YOUR ASSIGNMENT:
The records beneath should be printed exactly, and the pictures are to be left out.
[[ SUPPLIED INFORMATION, beginning ]]
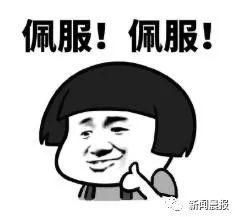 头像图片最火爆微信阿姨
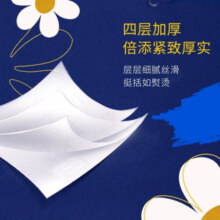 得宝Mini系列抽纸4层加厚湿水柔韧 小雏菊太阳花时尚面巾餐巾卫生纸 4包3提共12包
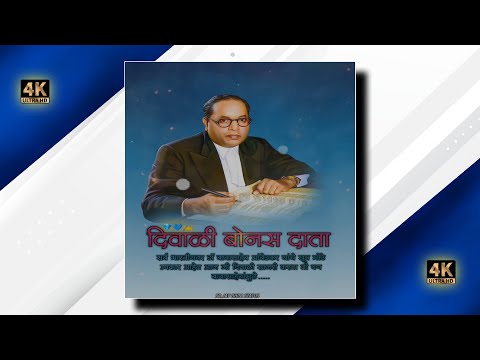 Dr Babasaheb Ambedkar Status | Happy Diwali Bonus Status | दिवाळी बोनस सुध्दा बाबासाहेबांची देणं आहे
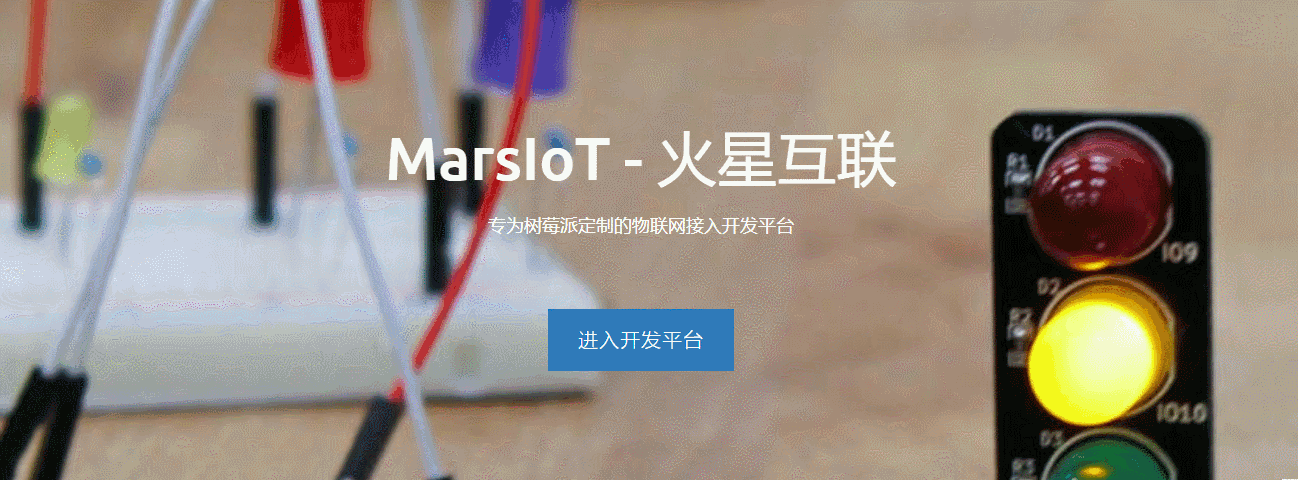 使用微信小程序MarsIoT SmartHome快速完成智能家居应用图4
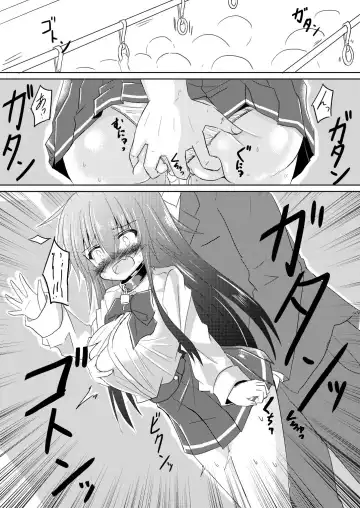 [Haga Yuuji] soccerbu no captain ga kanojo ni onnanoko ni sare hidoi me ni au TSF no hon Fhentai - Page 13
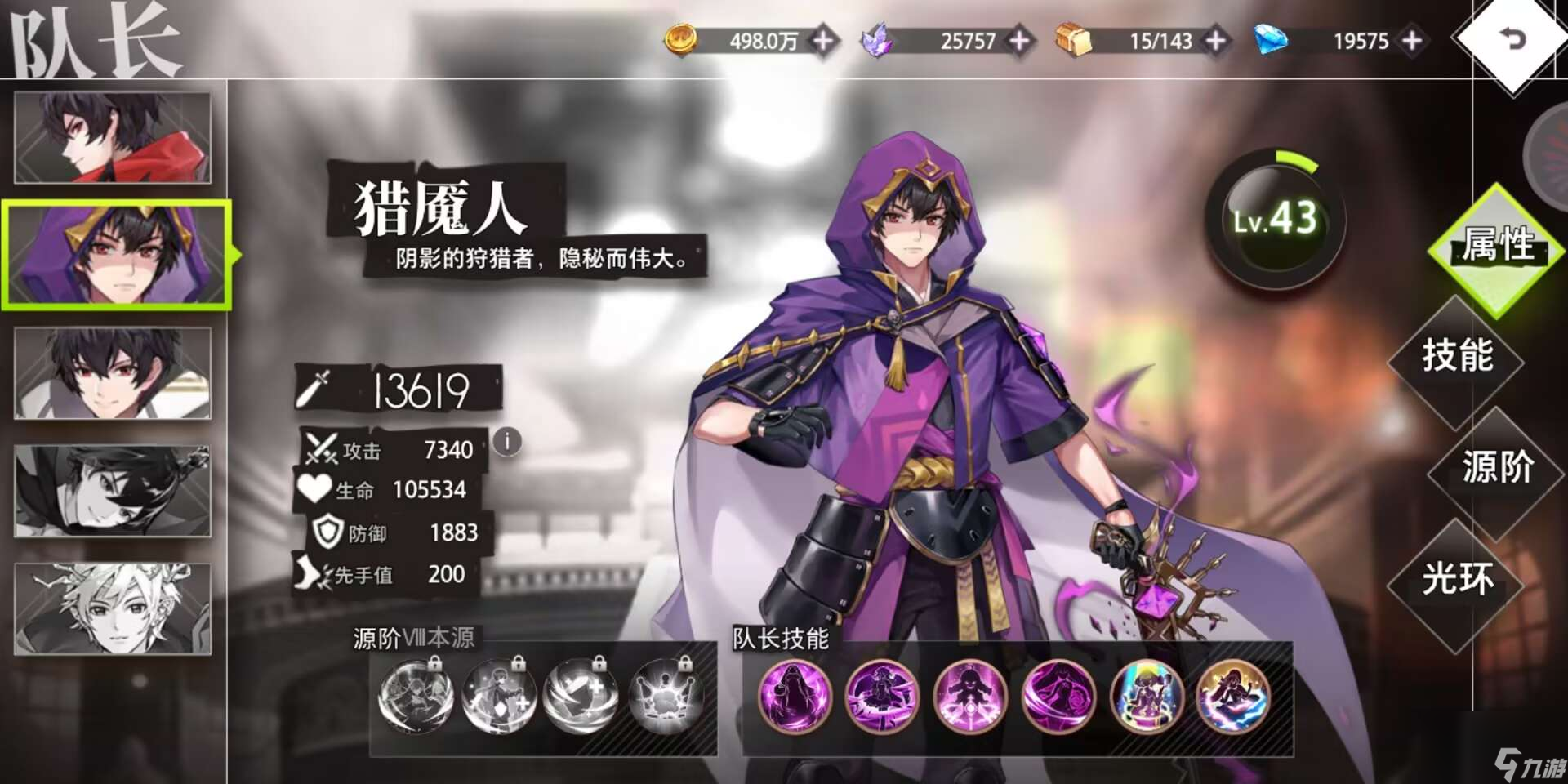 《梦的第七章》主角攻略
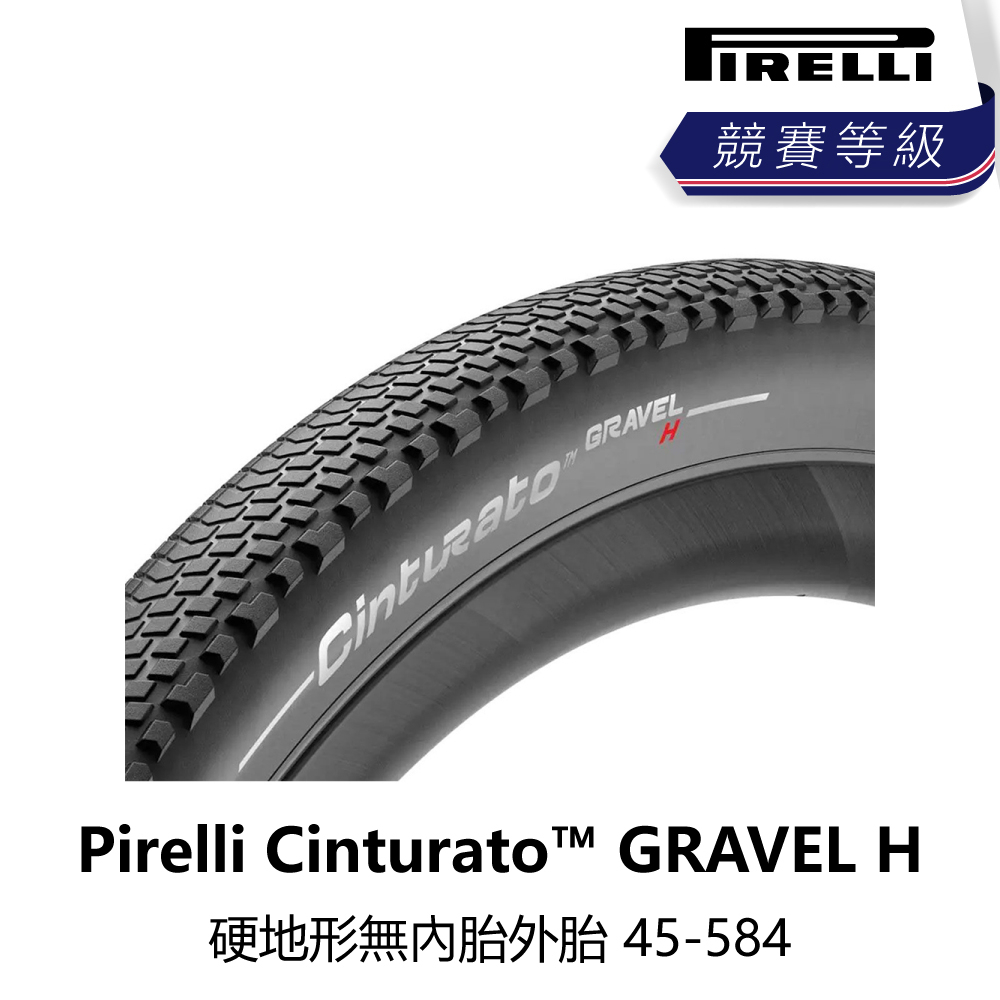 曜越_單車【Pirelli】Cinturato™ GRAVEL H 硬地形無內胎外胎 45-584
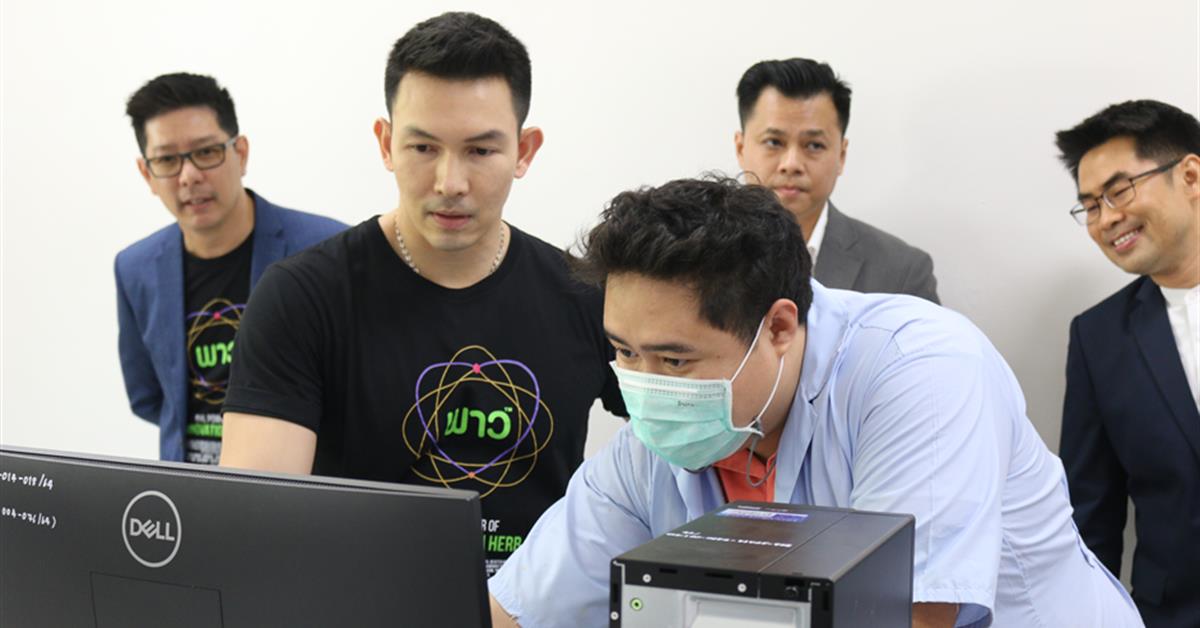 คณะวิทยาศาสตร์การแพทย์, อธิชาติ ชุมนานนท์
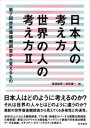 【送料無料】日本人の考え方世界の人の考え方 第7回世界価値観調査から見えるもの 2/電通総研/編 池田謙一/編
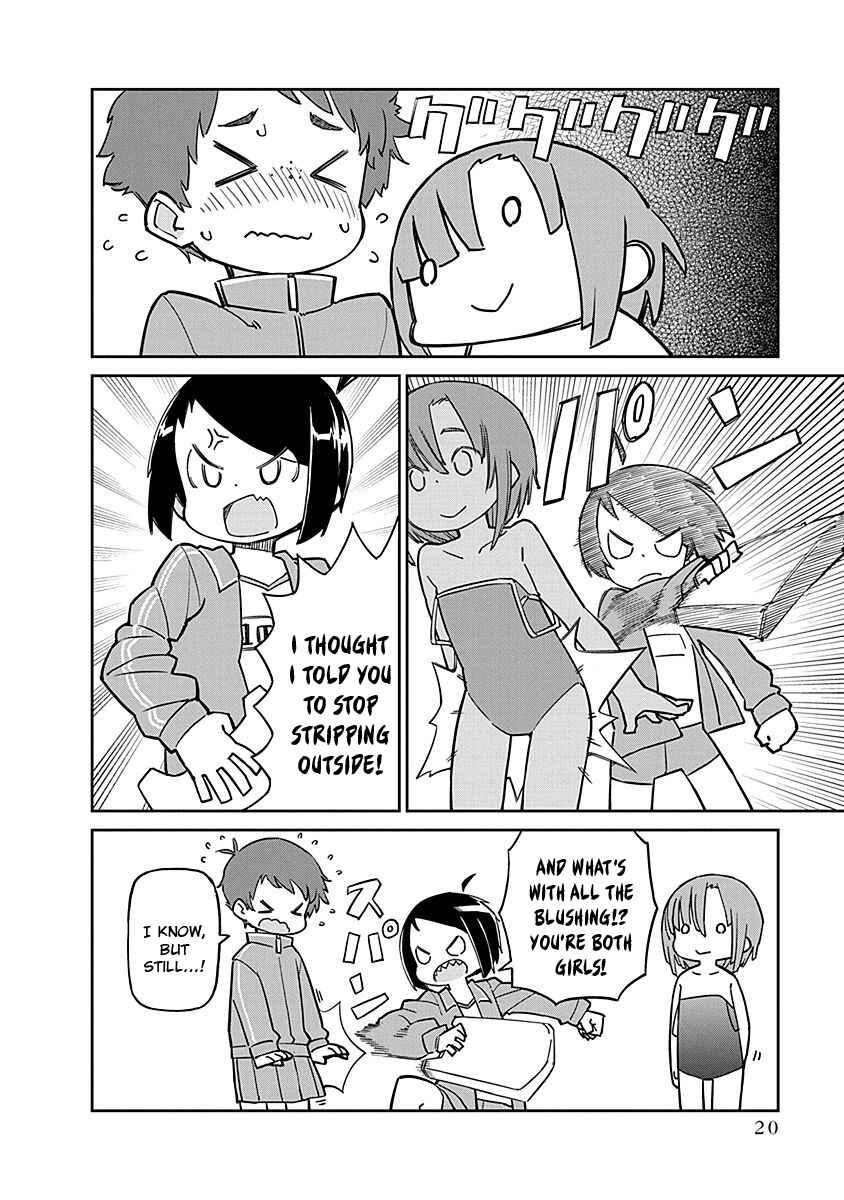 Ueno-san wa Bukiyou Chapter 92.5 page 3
[[ SUPPLIED INFORMATION, end ]]
TASK RESPONSE:
 头像图片最火爆微信阿姨
 得宝Mini系列抽纸4层加厚湿水柔韧 小雏菊太阳花时尚面巾餐巾卫生纸 4包3提共12包
 Dr Babasaheb Ambedkar Status | Happy Diwali Bonus Status | दिवाळी बोनस सुध्दा बाबासाहेबांची देणं आहे
 使用微信小程序MarsIoT SmartHome快速完成智能家居应用图4
 [Haga Yuuji] soccerbu no captain ga kanojo ni onnanoko ni sare hidoi me ni au TSF no hon Fhentai - Page 13
 《梦的第七章》主角攻略
 曜越_單車【Pirelli】Cinturato™ GRAVEL H 硬地形無內胎外胎 45-584
 คณะวิทยาศาสตร์การแพทย์, อธิชาติ ชุมนานนท์
 【送料無料】日本人の考え方世界の人の考え方 第7回世界価値観調査から見えるもの 2/電通総研/編 池田謙一/編
 Ueno-san wa Bukiyou Chapter 92.5 page 3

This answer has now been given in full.